Kina se estremeció y dijo emocionada:

—¡Voy a pasar un día terrible! Cada vez que veo a Bruze me pasa lo mismo.

Yo creo que fue Bruze mismo quien mató a mi padre. Habría preferido que fuera usted quien hablara con esta gente.

—No podría hacerlo, señorita —opuso Doc con dulzura—. Piense usted que Bruze y su banda piensan retener a los prisioneros hasta que yo me rinda. De modo que si me hubieran visto, habríamos precipitado la catástrofe, porque, una de dos: o hubiera tenido que rendirme, o, de lo contrario, habría tenido que resignarme a ver asesinar a mis amigos.
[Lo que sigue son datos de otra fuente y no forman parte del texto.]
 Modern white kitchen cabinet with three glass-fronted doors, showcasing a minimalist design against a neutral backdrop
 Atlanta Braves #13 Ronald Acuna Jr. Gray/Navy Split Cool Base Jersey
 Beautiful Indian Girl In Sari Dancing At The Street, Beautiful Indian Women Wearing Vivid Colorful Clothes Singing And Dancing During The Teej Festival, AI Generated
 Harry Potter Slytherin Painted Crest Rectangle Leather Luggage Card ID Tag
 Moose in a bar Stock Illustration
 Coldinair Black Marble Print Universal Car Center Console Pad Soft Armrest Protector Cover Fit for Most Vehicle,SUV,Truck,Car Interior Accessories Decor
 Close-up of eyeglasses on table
Doc Savage permaneció a bordo del buque de guerra todo el resto del día.

Permaneció dentro del buque, para que los centinelas o espías de Bruze, si es que había alguno cerca de la nave, no pudieran descubrirlo.

Las mujeres le acribillaban a preguntas. No habían recibido noticia alguna del mundo exterior desde hacía mucho tiempo.

Muchas de ellas, desde luego, no habían visto otro mundo que esta isla inmensa de barcos muertos y flotantes en el corazón del Mar de los Sargazos.